• **What the task asks**:
Once the line holding "Retro Analog Alarm" is found in the entries below, transcribe exactly every line up to and including the one holding "New York Jets", but leave out the pictures.

• **Supplied information**:
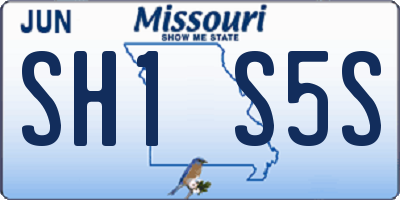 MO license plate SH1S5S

...

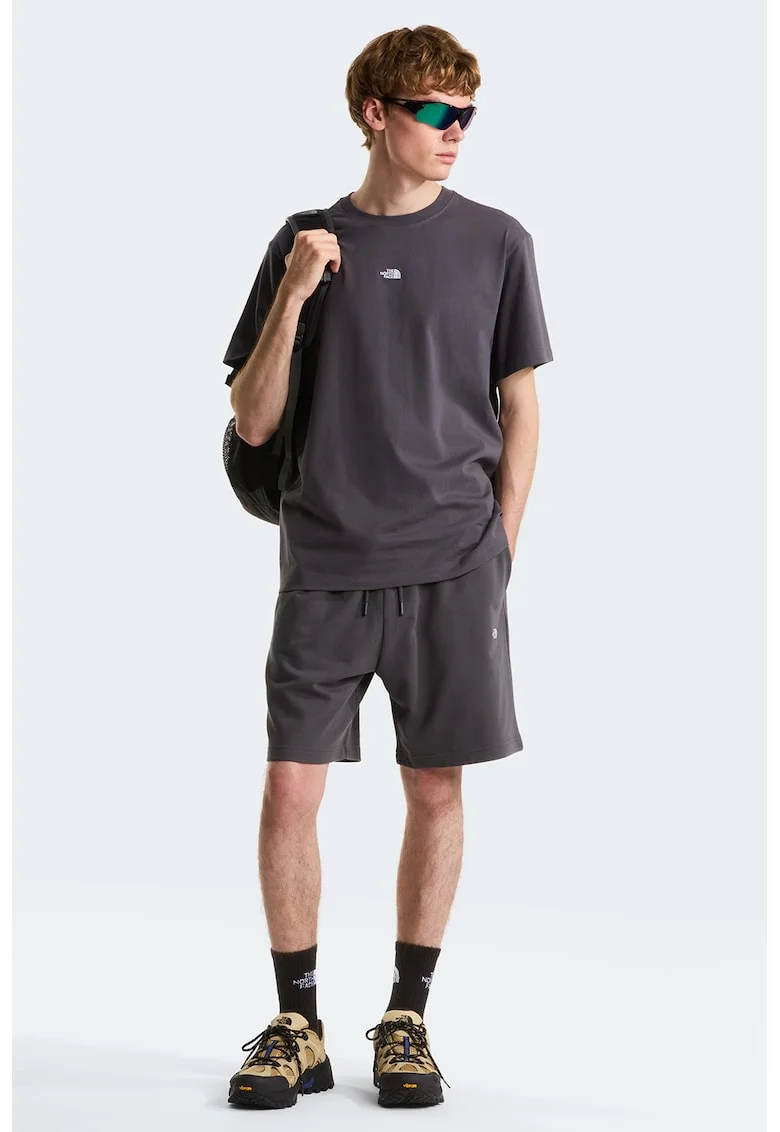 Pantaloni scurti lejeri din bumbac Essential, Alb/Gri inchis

...

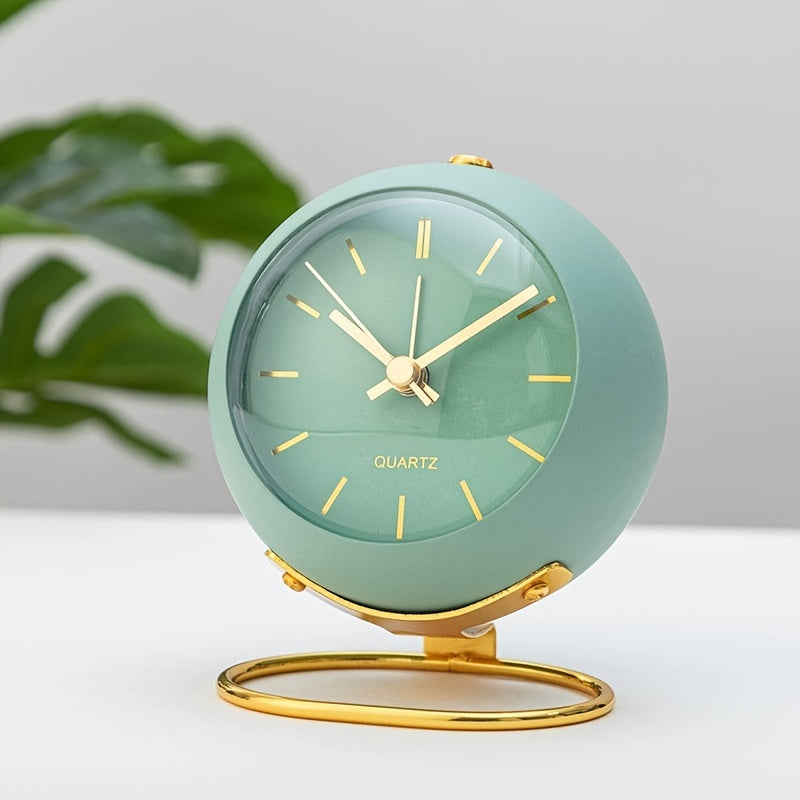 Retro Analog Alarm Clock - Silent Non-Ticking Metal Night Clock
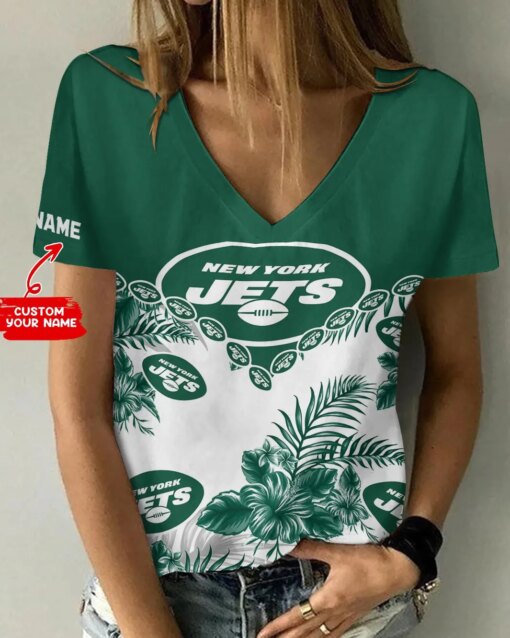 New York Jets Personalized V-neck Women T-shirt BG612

• **Problem solution**:
 Retro Analog Alarm Clock - Silent Non-Ticking Metal Night Clock
 New York Jets Personalized V-neck Women T-shirt BG612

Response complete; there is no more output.